After spending a few years, Patrick Graham also decided to stay in Johnstown. He worked as a tailor and for a decade, thought tailoring might be his life’s work. But when other opportunities arose to get involved in manufacturing, Patrick left Johnstown and took employment with the Brady’s Bend Iron Company, one of the earliest rolling mills in the country, located on the Allegheny River north of his childhood home in Butler County. The fascinating iron industry captured his interest and he rose to the important position of heater. Employment there however, was not always steady, so after several years, he moved back to the Conemaugh Valley when George King offered him the same position in a new Cambria Iron Mill. That move took place in 1854 when Patrick was 37 years old.

 

Henry Viering 

 

Another key character in my grandfather’s story was Henry Viering. He was about nine years old when he first met Patrick Graham in 1854. Henry had an unusually outgoing personality and a real gift for conversation. He was a strong young man and had blond hair and blue eyes typical of Germans from the state of Hesse. While attending school, Henry also worked part-time in the Cambria Iron Company as a water boy and frequently stopped at the hot furnace to deliver cool, fresh water to Patrick Graham. Consequently, Patrick became familiar with the entire Viering family.

 

However, I’m getting ahead of myself, so let’s go back 15 years to examine how the industrial development got started in the valley. What follows is the story of that early period just as it was told to me. Keep in mind; it was not until after the Revolutionary War that Americans began to build their own iron furnaces because the British forbade them from making their own iron before that.

 

King and Shoenberger

 

The first industrial operation in Conemaugh Valley was a one-man operation known as Cambria Forge. It was located at the upper end of Conemaugh Old Town near the Stonycreek River. A small dam was built across the stream to divert its flow to a water wheel that could, when engaged, automatically lift a heavy hammer. Everyone in the valley knew when the blacksmith was working his forge, because the large hammer sounded out each pounding thud.
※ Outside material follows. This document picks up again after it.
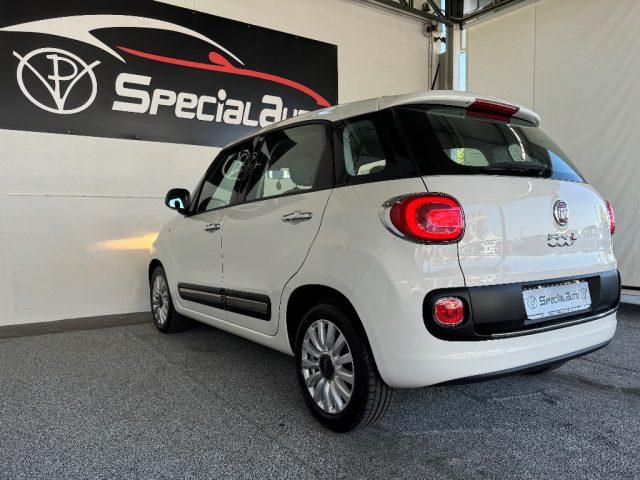 FIAT 500L 1.3 Multijet 85 CV Dualogic cambio automatico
It was the first of many metallic sounds to echo through the hills.

 

During the early years that the Pennsylvania Canal was in operation, the small dam was improved to keep the water level high enough to flow down a feeder stream to the canal basin. When the canal ceased operations, the feeder stream was filled in and became Feeder Street.

 

Any transportation company that operated in the state of Pennsylvania and wanted to be taken seriously opened an office beside the canal basin. The American House Hotel was built beside the basin to accommodate passengers wanting to take a break from their arduous canal travel. Captain Thomas Young, having grown up near shipyards in New England, believed canal boats would be in great demand, so he moved to the valley and set up shop beside the basin. He was soon building and repairing canal boats in his boatyard.

 

*       *       *

 

Not everyone was investing in the canal system, however. In 1839, a group of private investors from Philadelphia was considering the feasibility of building a single-track railroad across the state. The faction that had preferred the railroad option to the canal spearheaded this group.

 

Activity in the Conemaugh Valley at that time became intense, with railroad surveyors measuring every foot of elevation, looking for a suitable path for the proposed railroad that promised to eventually cross the entire state. Accompanying those men were prospectors searching for the many minerals that the valley concealed. Their exploration uncovered rich veins of iron ore and bituminous coal in the Conemaugh Valley.

 

In the counties to the east, a dozen or more iron furnaces were already operating and producing what was collectively called Juniata Iron. Before the canal was built, most of it was shipped east by way of the Juniata River to the Susquehanna River and from there to markets in Philadelphia or Baltimore, but a portion of Juniata Iron was shipped west to Johnstown, Pittsburgh, Cincinnati and Louisville. Blacksmith forges were popping up around these villages to satisfy the many needs in the frontier. The pig iron was shipped west into Johnstown by horseback using the Frankstown Road, which crossed over the mountain and down a steep grade into the Conemaugh Valley. From there, the pig iron was floated (on flat boats during high water) down the Conemaugh River to Pittsburgh.

 

Some of the products forged by blacksmiths included tongs, wagon tires (rims on the wooden wheels), horse-shoes, knives, hatchets, axes, hoes, plows, spades, sickles, hammers, spikes, square-cut nails, hinges, chains, chisels, augers, anvils, vices, etc. None of the items required more than a few bars of pig iron.

 

Dr. Peter Shoenberger owned a forge near one of the Juniata blast furnaces and prepared raw pig iron for market. He had inherited the successful forge from his father. After the canal was completed, shipping the heavy pig iron became much easier and his business grew. With his profits, he began looking for additional investment opportunities and it was during that time that he met George King, the former merchant who had become an iron master.

 

When surveyors discovered iron ore in the hills around Johnstown, King sold his store and committed the proceeds to a new venture in iron production. In 1842, King partnered with David Stewart to build the first iron furnace in Cambria County[1]. Just one year later, Dr. Shoenberger became a financial partner by buying out David Stewart’s share of the partnership for $6,000.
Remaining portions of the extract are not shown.